Mittelfristig ist diese Situation geeignet, die Leistungsfähigkeit des deutschen, wie auch des weltweiten Bildungs- und Wissenschaftssystems empfindlich einzuschränken. Aufgabe der Politik muss es sein, einer solchen Bedrohung entgegen zu wirken. Eine Schlüsselrolle nimmt hierbei insbesondere ein modernes, an die Anforderungen der Informations- und Wissensgesellschaft angepasstes Urheberrecht ein, welches eine eindeutig urheber- und damit wissenschaftsfreundliche Ausgestaltung finden muss. An dieser Anforderung wird deutlich, dass es eben nicht vordergründig um Einsparpotenziale für öffentliche Haushalte geht.
Der gegenwärtig im Rahmen einer Novellierung des Urheberrechtsgesetzes diskutierte „Zweite Korb“ wird dieser Dimension der Anforderungen nicht gerecht. Selbst im besten Falle wird er nur ein kleiner Zwischenschritt hinsichtlich der veränderten Erfordernisse der Informations- und Wissensgesellschaft sein können. Die aktuelle Rechtsfiktion begünstigt bisher einseitig die Fachverlage, die aus Sicht der Bildungs- und Wissenschaftspolitik zur Wertschöpfung zwar einen wichtigen, aber auch nicht zu überschätzenden Beitrag leisten.
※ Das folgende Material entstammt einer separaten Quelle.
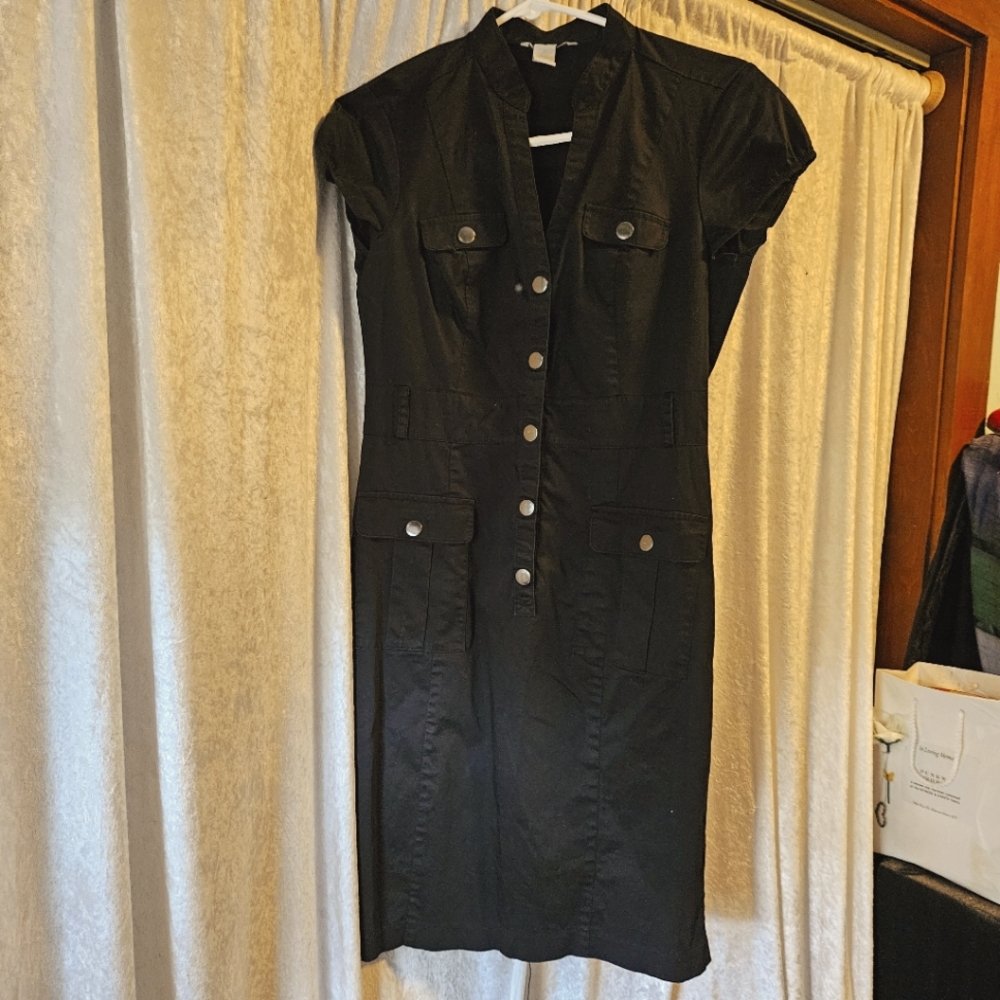 Black Button-Up Dress H+M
Ein zeitgemäßes wissenschafts- und forschungsfreundliches Urheberrecht müsste vielmehr verstärkt die Produzenten aktuellen Wissens und zeitgemäße Distributionswege in den Blick nehmen.
Gegenwärtig werden Ergebnisse aus Wissenschaft und Forschung nur einer kleinen Gruppe gegen zum Teil überhöhte Kosten zugänglich gemacht. Dies widerspricht den Anforderungen einer zukunftsfähigen Wissensgesellschaft, die eben den barrierefreien Zugang zu Information und Wissen zu angemessenen Kosten voraussetzt. Monopolpreise wie sie gegenwärtig etwa von internationalen Verlagsgruppen durchgesetzt werden, können nicht angemessen sein.
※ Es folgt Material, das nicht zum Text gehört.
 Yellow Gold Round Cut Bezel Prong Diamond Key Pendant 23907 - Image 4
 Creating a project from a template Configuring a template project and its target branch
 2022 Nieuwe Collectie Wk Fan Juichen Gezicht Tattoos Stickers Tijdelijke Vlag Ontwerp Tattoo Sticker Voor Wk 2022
Notwendig ist an dieser Stelle ein Paradigmenwechsel. Es muss der Grundsatz gelten, dass Wissen, produziert durch öffentliche Mittel, als Gemeingut betrachtet und somit auch der Allgemeinheit umfassend, ungehindert und zu angemessenen Kosten zugänglich gemacht wird. Basierend auf diesem Grundsatz und unabhängig von der gewählten Open-Access-Veröffentlichungsform kommt künftig nicht nur der Nutzer, sondern gerade der eigentliche Produzent von Wissen für die Kosten in der Publikations- und Distributionskette auf. Das Internet bietet sich dabei als Medium für die Verbreitung von wissenschaftlichen Informationen geradezu an, da es neue Wege der Publikationen von Forschungsergebnissen eröffnet. Hier liegt der große Verdienst und Wert des von den Forschungsorganisationen verfolgten Open-Access-Ansatzes.
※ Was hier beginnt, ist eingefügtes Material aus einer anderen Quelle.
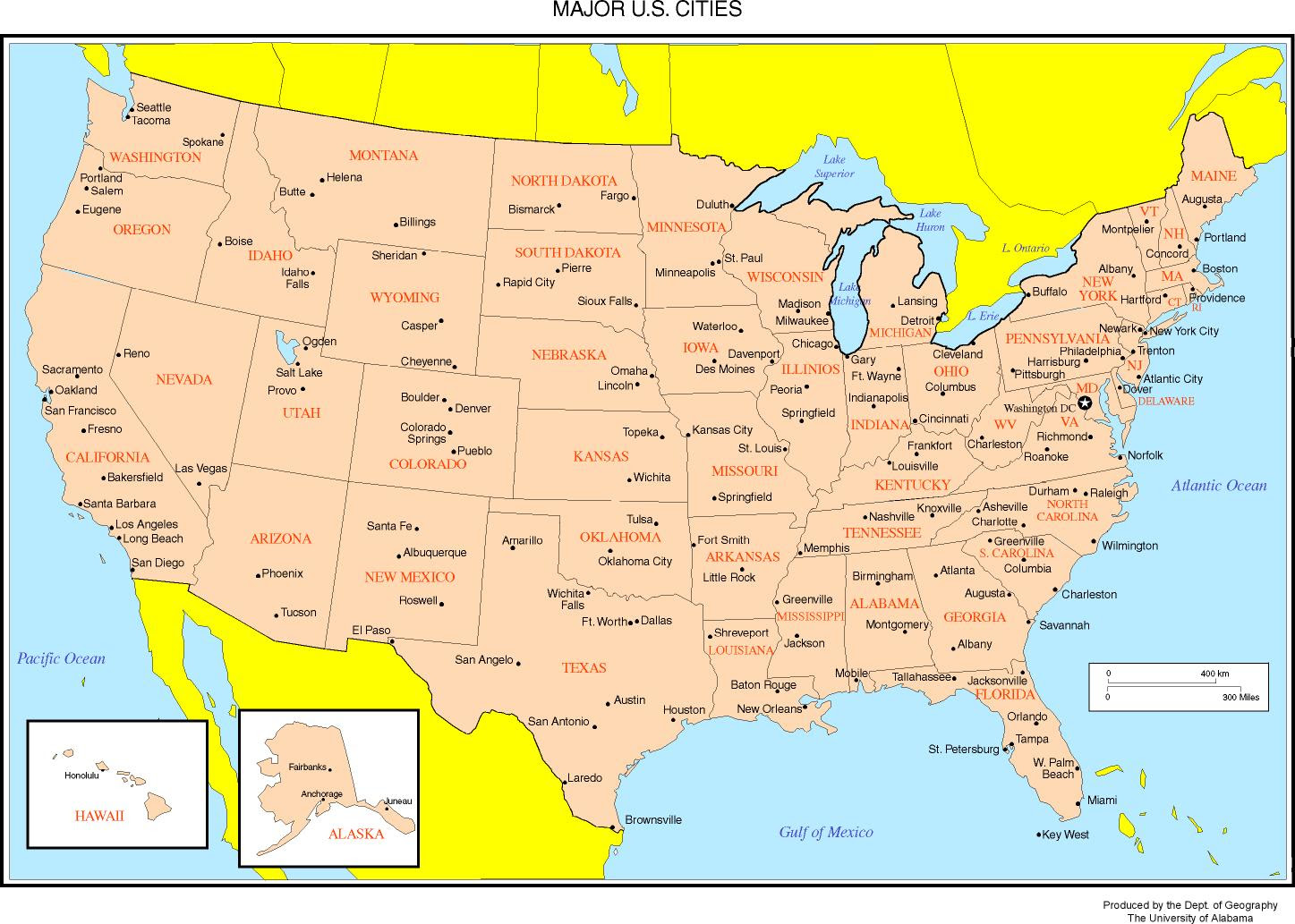 Map Of Usa With States And Cities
Die zukunftsfähigen Konzepte liegen auf dem Tisch. Es ist bedauerlich, dass die Rechtspolitik sich mit dem „Zweiten Korb“ wieder einmal an überholten Fragen orientiert. Die ureigenste Aufgabe der Politik muss es sein heute zukunftsweisende und anreizbildende Rahmenbedingungen für die Wissensgesellschaft von morgen auch im Urheberrecht zu schaffen. Ohne einen „Dritten Korb“ für die Belange der Bildung, Wissenschaft und Forschung wird dies nicht zu leisten sein.